= From stability to prosperity =

From stability to prosperity (由治及興) is a neologism coined by Xi Jinping and the government of Hong Kong in 2022 after the pass of the national security law. The term was first mentioned in the 20th National Congress of the Chinese Communist Party, in which Xi stated that the national security law ensured the stability of Hong Kong, and now it is on their way to prosperity from stability. In 2023, John Lee Ka-chiu stated that it was the first year of "From stability to prosperity".

On 23 April 2023, a netizen posted a thread on LIHKG complaining about the situation in Hong Kong at the time and asked whether something big would happen. A pro-Beijing netizen with the name "Chizuru Mizuhara" (水原千鶴), replied that the poster is too pessimistic and they have seen the benefits from stability to prosperity (咁係因為你悲觀，我睇到由治及興帶嚟嘅好處). The thread quickly went viral after the reply and was closed on 7 December 2023 due to the volume of responses. It later became an Internet meme in Hong Kong.
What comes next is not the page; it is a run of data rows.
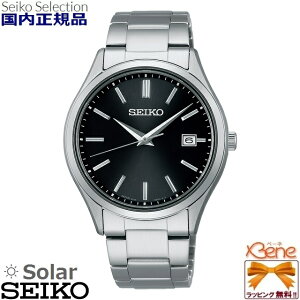 ���K�V�i ���{�� �����Y�\�[���[�E�H�b�` SEIKO SELLECTION/�Z�C�R�[�Z���N�V���� �X�e�����X �T�t�@�C���K���X 10�C���h�� �J�����_�[ ���t�\�� �ی^ �o�[�C���f�b�N�X �V���o�[×�u���b�N SBPX147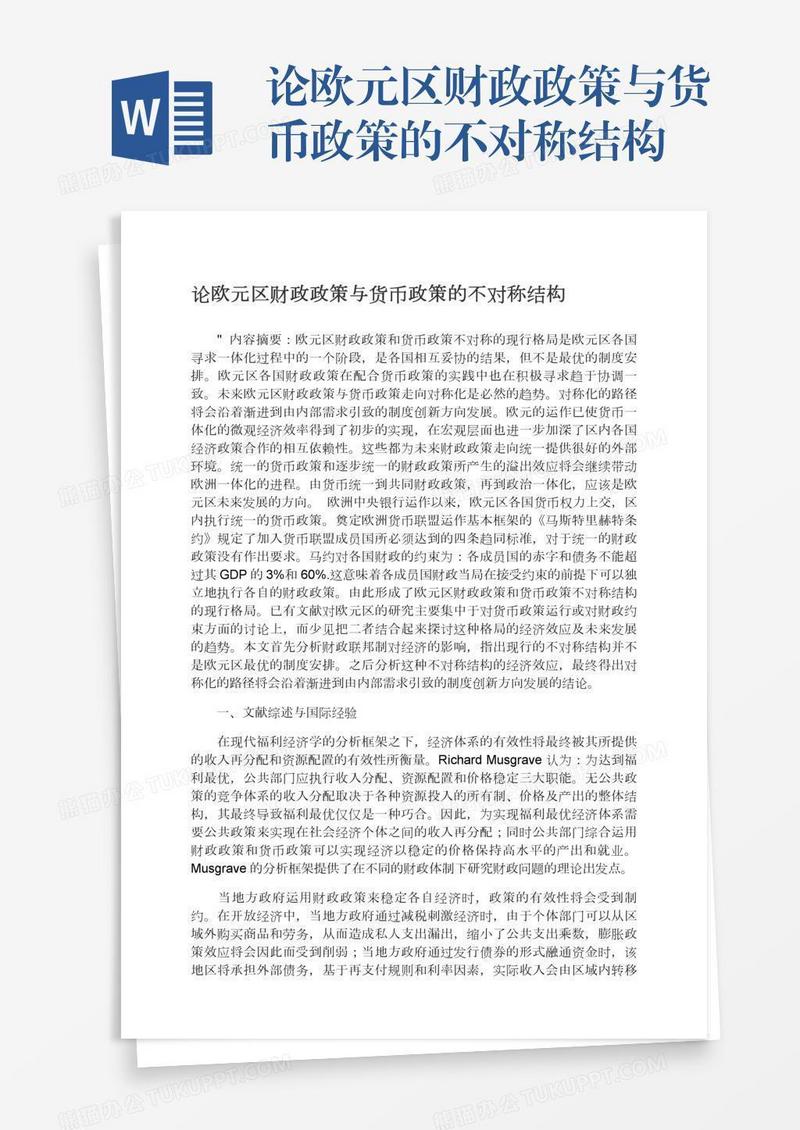 论欧元区财政政策与货币政策的不对称结构
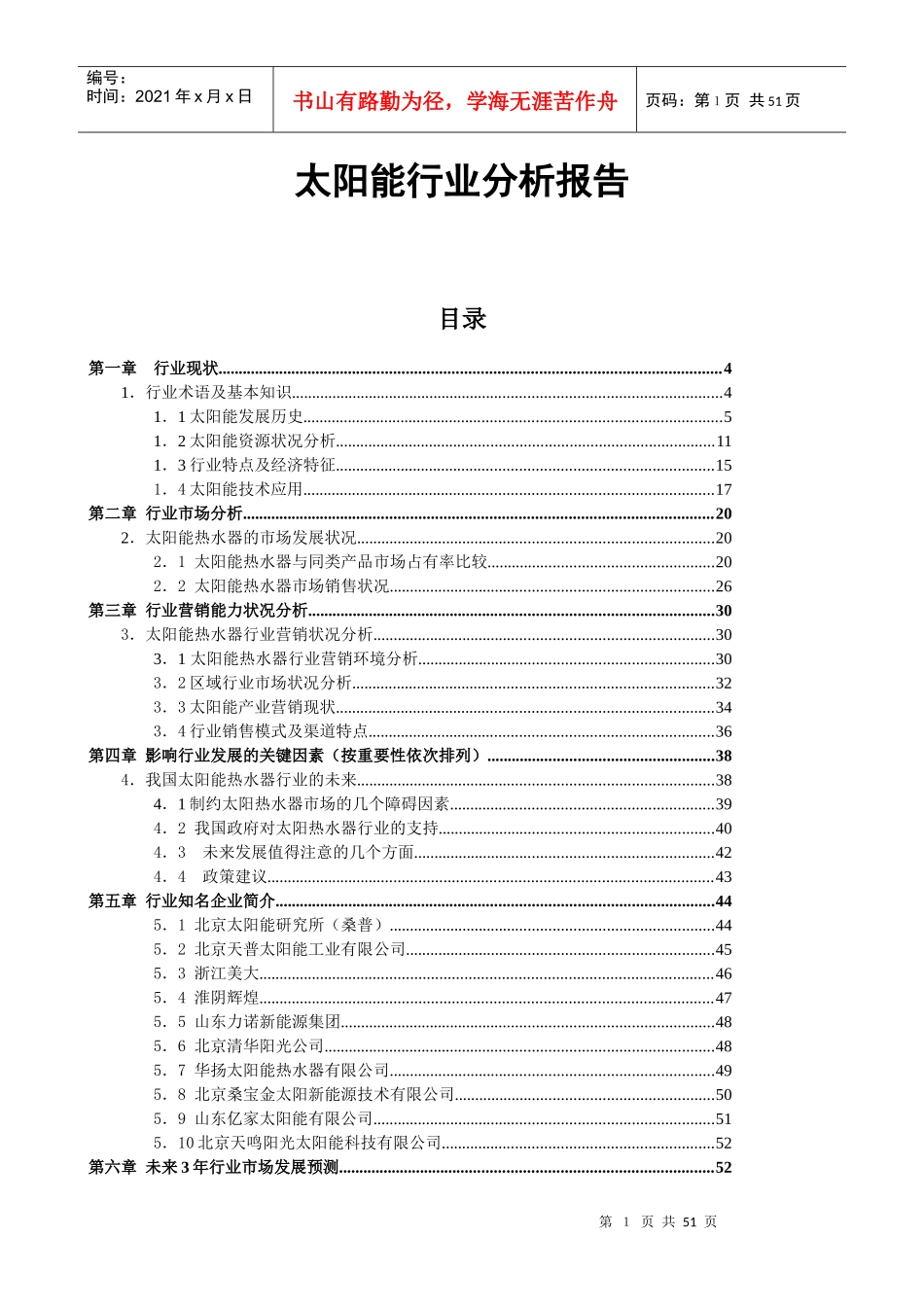 中国能源行业发展分析报告_第1页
Various reasons have been proposed for its virality. One is the scepticism among netizens toward the term when comparing it with real-life conditions in Hong Kong. Another reason proposed was the style of Chizuru Mizuhara's response, which claimed the situation is getting better without explanation, which was described as "hilarious" by a reporter from HK01. Some have also suggested that the popularity of Rent-A-Girlfriend in Hong Kong, in which Chizuru Mizuhara is the heroine, contributed to the meme's rapid spread.